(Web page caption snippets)
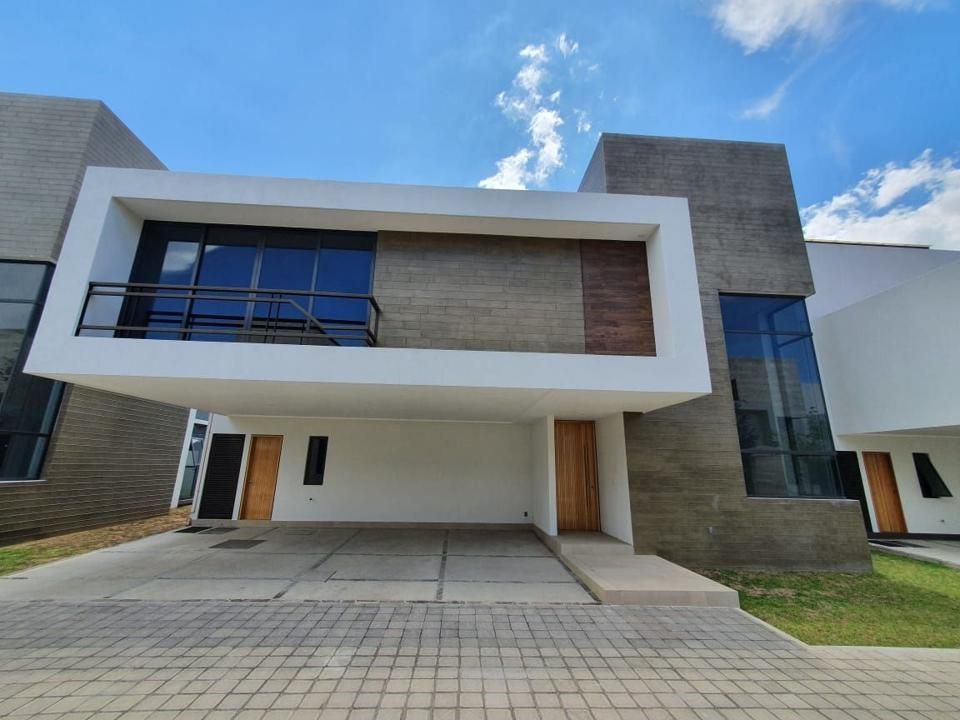 Venta de Casa Nueva en Casas del Bosque Metepec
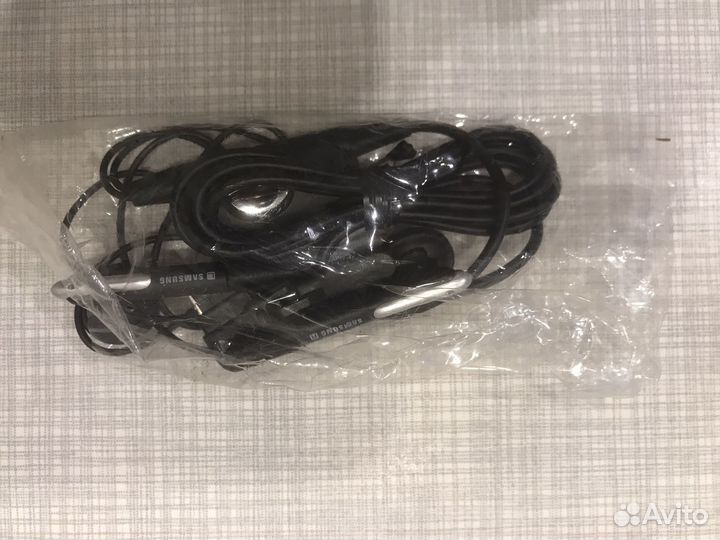 Разные гарнитуры, наушники, провода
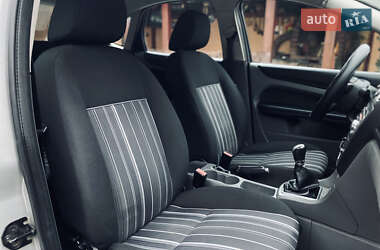 Хэтчбек Ford Focus 2009 в 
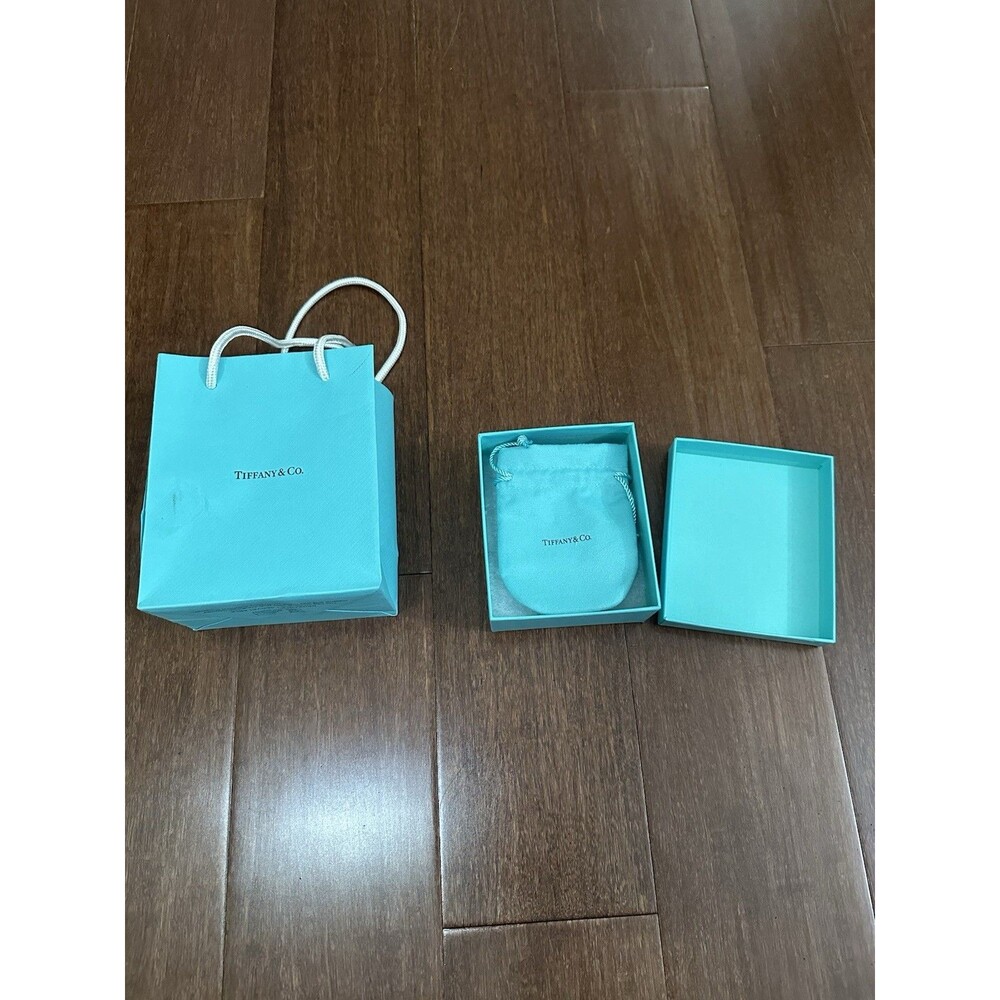 Tiffany & Co. Empty Packaging Blue Gift Box, Pouch, Shopping Bag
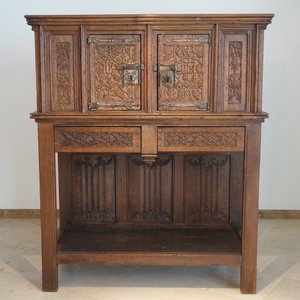 A Flemish oak credence with IHS panels, 16th C. with later adaptations — 照片 1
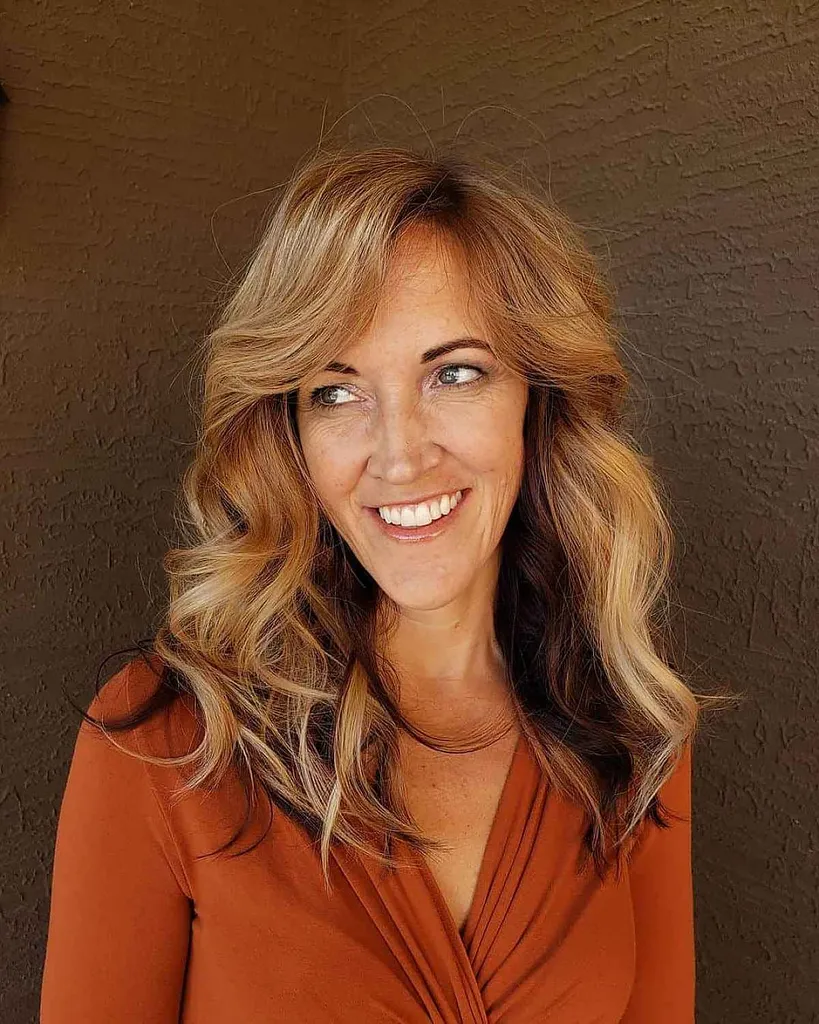 Topp 25 høsthårfarger for kvinner over 40 år i 2026' title=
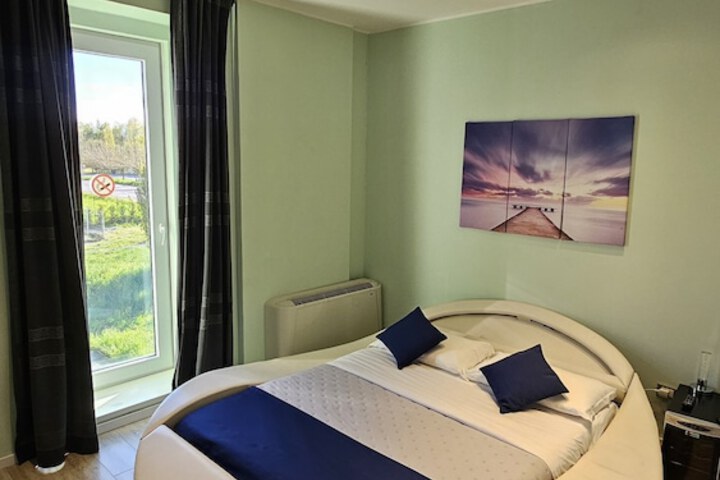 Room 16 of 41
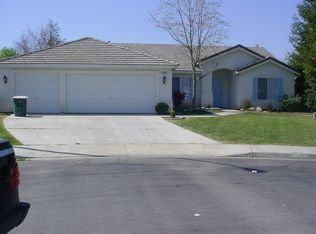 10806 Wind Blossom Ave, Bakersfield, CA 93312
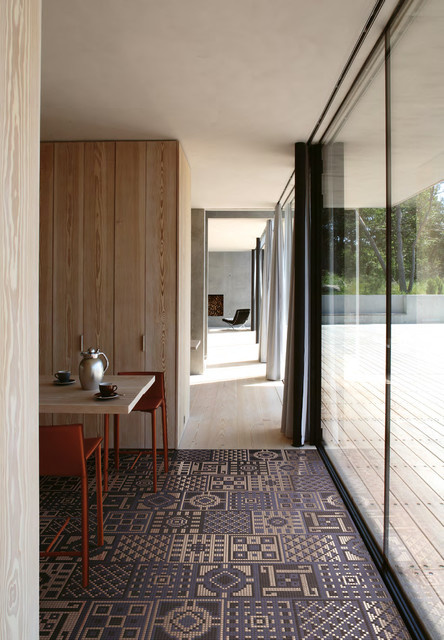 Вопрос: Как выбрать укладчика плитки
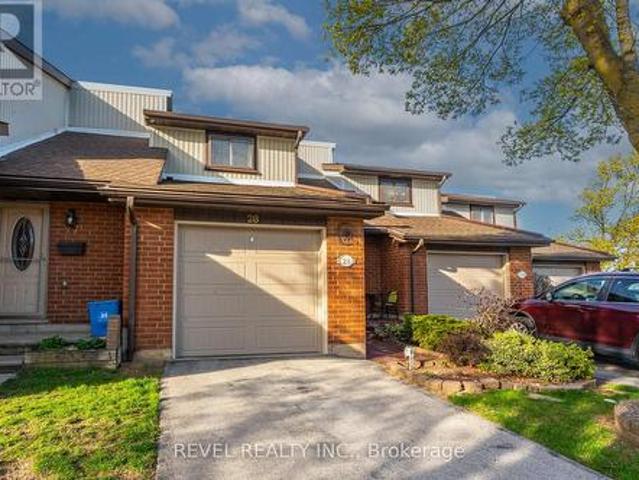 28 25 Redbury Street, Hamilton, ON, L8W 1P7 townhouse for sale | Listing ID X12118 | Royal LePage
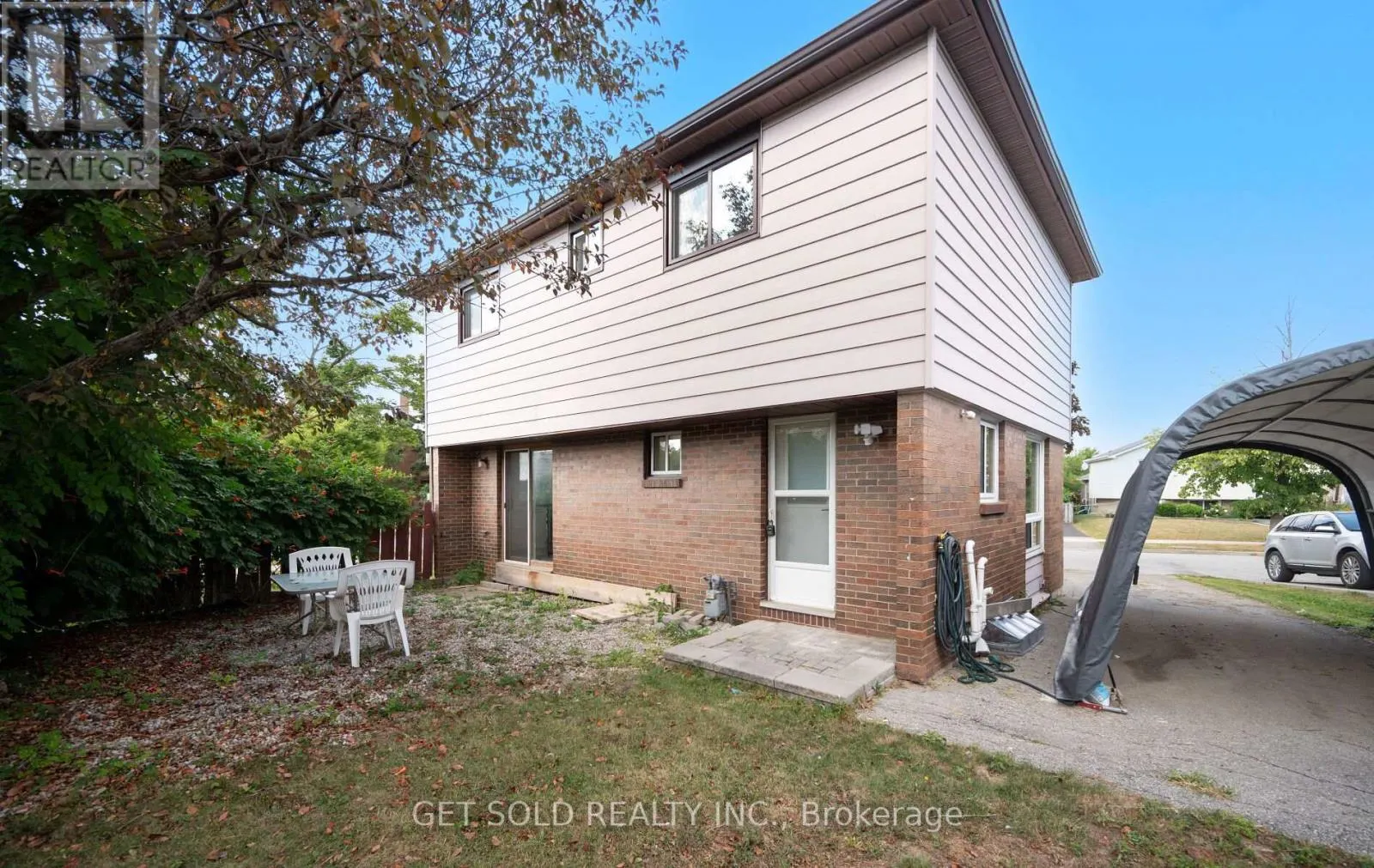 36 SHALOM CRESCENT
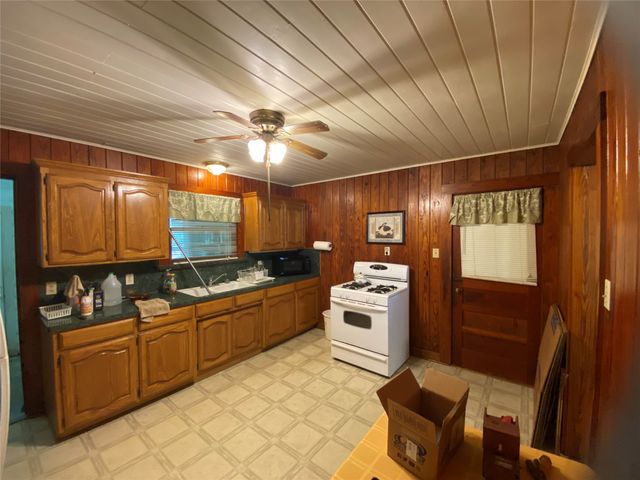 516 S Mckinney Street, Mexia, TX 76667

■ Your assignment
Could you set down the data exactly as given, minus its pictures?

■ Answer to the problem
 Venta de Casa Nueva en Casas del Bosque Metepec
 Разные гарнитуры, наушники, провода
 Хэтчбек Ford Focus 2009 в 
 Tiffany & Co. Empty Packaging Blue Gift Box, Pouch, Shopping Bag
 A Flemish oak credence with IHS panels, 16th C. with later adaptations — 照片 1
 Topp 25 høsthårfarger for kvinner over 40 år i 2026' title=
 Room 16 of 41
 10806 Wind Blossom Ave, Bakersfield, CA 93312
 Вопрос: Как выбрать укладчика плитки
 28 25 Redbury Street, Hamilton, ON, L8W 1P7 townhouse for sale | Listing ID X12118 | Royal LePage
 36 SHALOM CRESCENT
 516 S Mckinney Street, Mexia, TX 76667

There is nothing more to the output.